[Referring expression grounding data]
┄┄┄┄┄┄

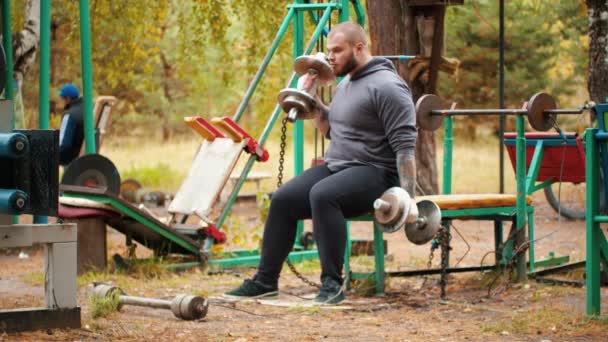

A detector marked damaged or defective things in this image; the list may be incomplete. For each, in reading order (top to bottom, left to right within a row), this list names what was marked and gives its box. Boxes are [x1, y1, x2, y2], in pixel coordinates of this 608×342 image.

rusty exercise equipment [278, 52, 334, 123]
rusty exercise equipment [416, 92, 592, 132]
rusty exercise equipment [92, 284, 209, 320]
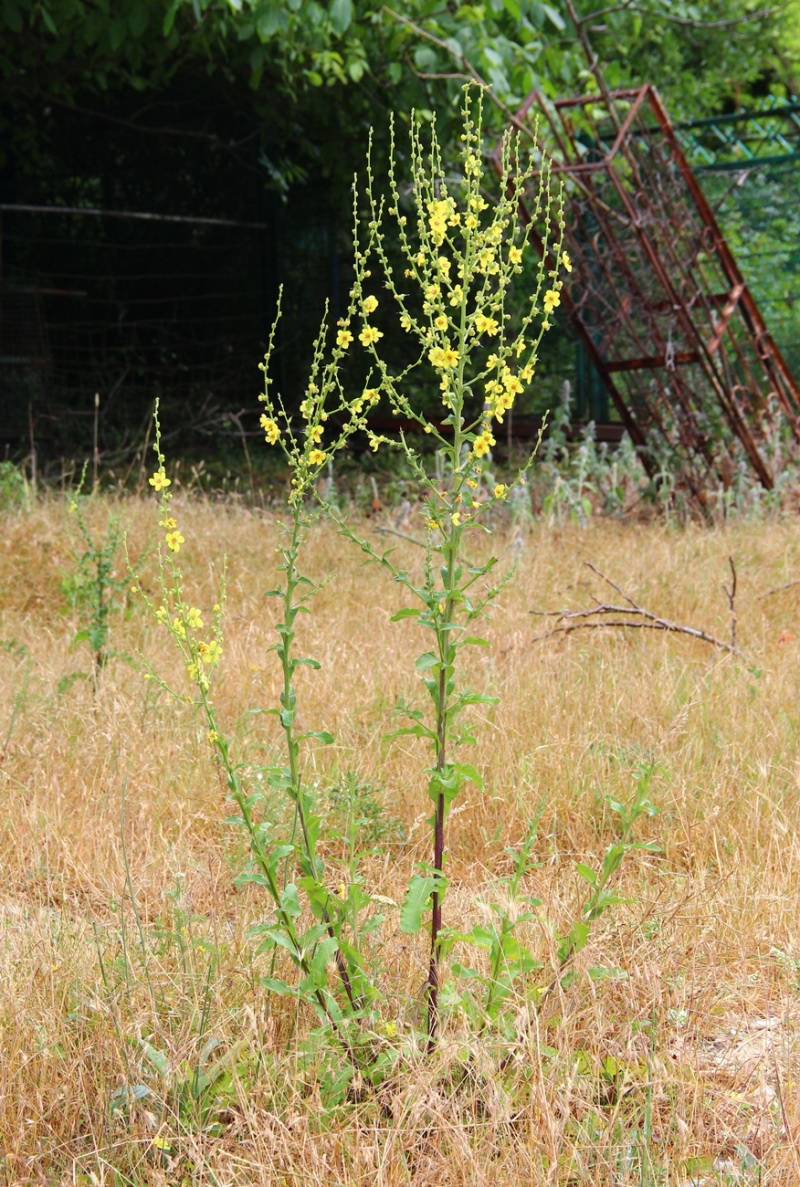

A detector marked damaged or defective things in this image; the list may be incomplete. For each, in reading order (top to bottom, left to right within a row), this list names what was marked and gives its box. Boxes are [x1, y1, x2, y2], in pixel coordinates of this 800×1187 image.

rusty metal frame [498, 86, 797, 489]
rusted lattice structure [505, 84, 797, 491]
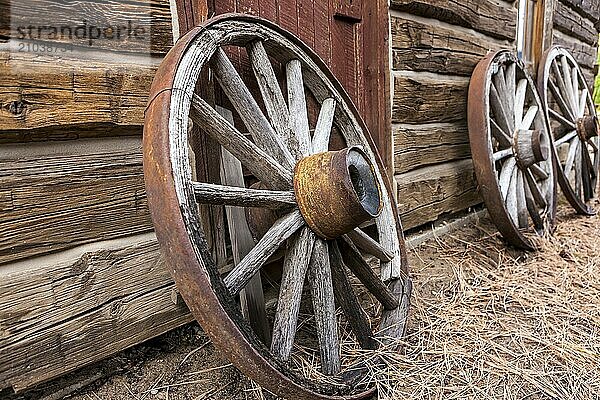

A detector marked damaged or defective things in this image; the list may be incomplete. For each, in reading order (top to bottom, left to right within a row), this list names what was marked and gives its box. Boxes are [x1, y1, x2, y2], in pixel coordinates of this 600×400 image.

rusty iron rim [143, 13, 410, 400]
rusty iron rim [468, 50, 556, 250]
rusty iron rim [536, 46, 596, 216]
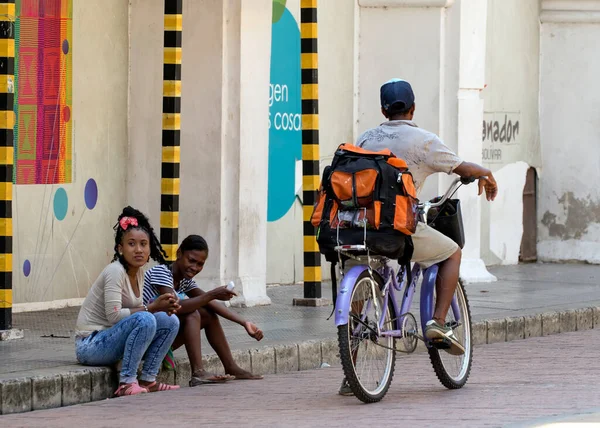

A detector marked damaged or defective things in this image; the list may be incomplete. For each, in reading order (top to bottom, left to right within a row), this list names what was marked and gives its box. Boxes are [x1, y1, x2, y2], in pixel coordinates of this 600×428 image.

peeling paint [540, 192, 600, 239]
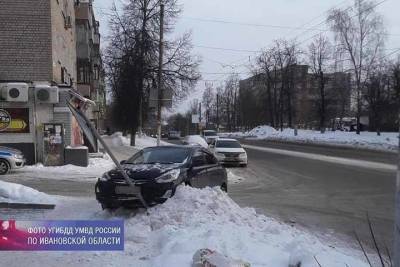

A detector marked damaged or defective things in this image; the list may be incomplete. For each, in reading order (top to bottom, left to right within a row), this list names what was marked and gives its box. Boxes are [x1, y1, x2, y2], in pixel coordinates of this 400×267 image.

crashed car [0, 147, 25, 176]
crashed car [95, 146, 228, 210]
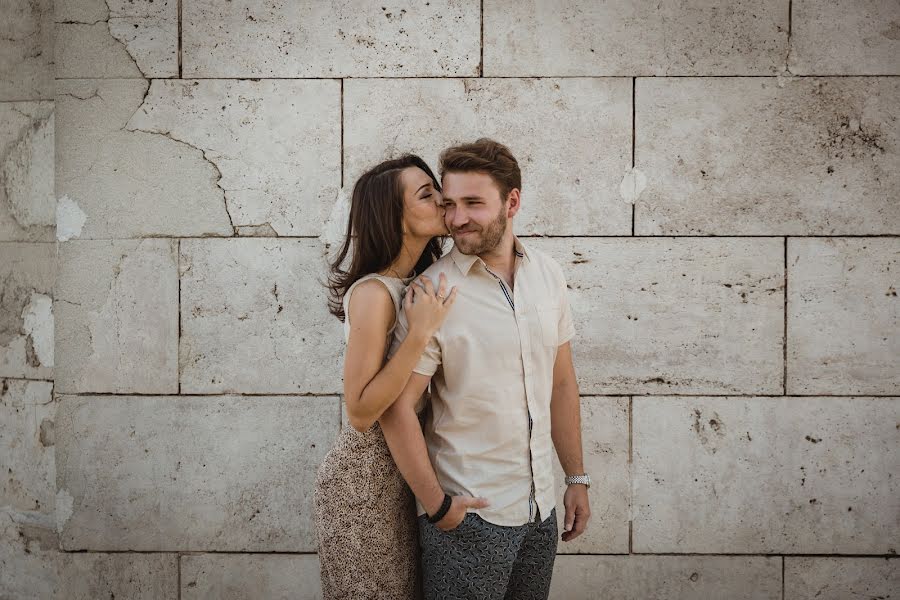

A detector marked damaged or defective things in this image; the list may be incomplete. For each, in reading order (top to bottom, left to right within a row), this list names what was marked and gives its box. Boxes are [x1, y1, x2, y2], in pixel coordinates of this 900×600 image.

┄┄┄┄┄┄

- _Work to be completed_
Omitting the images, output each record precisely as written.

- _Answer section_
A detector marked damaged or defective things in this image; the list may be incomplete. For each, in reading order (top to bottom, left to right within a row), this list names what was marked and gives its box. Boxes are [x1, y1, x2, y2], in pixel coordinates of this 608×342 image.

rusty exercise equipment [278, 52, 334, 123]
rusty exercise equipment [416, 92, 592, 132]
rusty exercise equipment [92, 284, 209, 320]

A detector marked damaged or defective things in this image; the list may be incomplete. For each, in reading order (top to bottom, left to right within a row), this list names what was marked and gives its box. Boxes are [x1, y1, x2, y2], in pixel coordinates of this 800×1187 image.

rusty metal frame [498, 86, 797, 489]
rusted lattice structure [505, 84, 797, 491]

A detector marked damaged or defective things in this image; the list may be incomplete. For each, in reading order (top to bottom, left to right within a row), this list names what was marked and gives its box. Boxes are [x1, y1, x2, y2], in pixel coordinates of this 600×400 image.

rusty iron rim [143, 13, 410, 400]
rusty iron rim [468, 50, 556, 250]
rusty iron rim [536, 46, 596, 216]

A detector marked damaged or defective things in this image; the list may be incomplete. For each, in reading order (top to bottom, left to right within a row), this list names what was marked and gives its box. Boxes are [x1, y1, x2, y2], in pixel coordinates of this 600×428 image.

peeling paint [540, 192, 600, 239]

A detector marked damaged or defective things in this image; the list may be incomplete. For each, in reading order (top to bottom, left to right within a row), this list names what was marked and gives its box. Boxes are [x1, y1, x2, y2], in pixel coordinates of this 400×267 image.

crashed car [0, 147, 25, 176]
crashed car [95, 146, 228, 210]

A detector marked damaged or defective things in this image; the list may be incomplete. For each, in reading order (top to bottom, left to right within a row), this list names what was marked and gives its box. Boxes are [x1, y1, x2, y2], in pixel coordinates of this 900×600 image.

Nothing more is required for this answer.